Yesterday I watched the show Anderson. It was only the second time I’ve ever seen the show and this one was about a mom and her hoarding issues. She was a regular mom with piles and piles and piles of stuff. I found it so interesting that she viewed her stuff with a similar love that you would have for a child. The idea of throwing something away for her hurt as if she was giving away her own flesh and blood. Those are some intense emotions for the things. I can imagine that to be just as overwhelming as all the stuff.
When Anderson showed this mom the video footage of her home, you could tell she was surprised. When Anderson asked about her reaction, she replied “this is the place I go to everyday for solace and that’s what I live with but I don’t always see it”. She then said “I see a ton of stuff with no where to put it. I use all of it”. Denial. She had enough piles of clothing in that house that even if she wore something different every day for a couple of years she still wouldn’t be using all of it. The Professional Organizer hired to help her found many many pieces of clothing with the tags still on.

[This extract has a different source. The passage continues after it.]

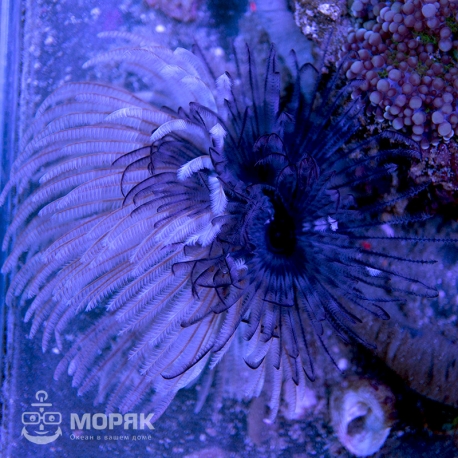 Sabellastarte spectablis (сабеластарта полосатая)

And then I thought of another show I’ve been watching lately, the new one with Peter Walsh called Extreme Clutter. Over and over again Peter talks about the power stuff can have over our lives. We allow it to keep us from living in the present and truly living in the now. We allow the stuff to call the shots and push us around until we are “living” in a fraction of the house we own thinking we just don’t have enough space. The stuff holds us captive, and can be crippling. Then when we can’t take it anymore, rather than deal with it once and for all, we rent storage units and transfer the stuff to there just so we don’t have to think about it anymore.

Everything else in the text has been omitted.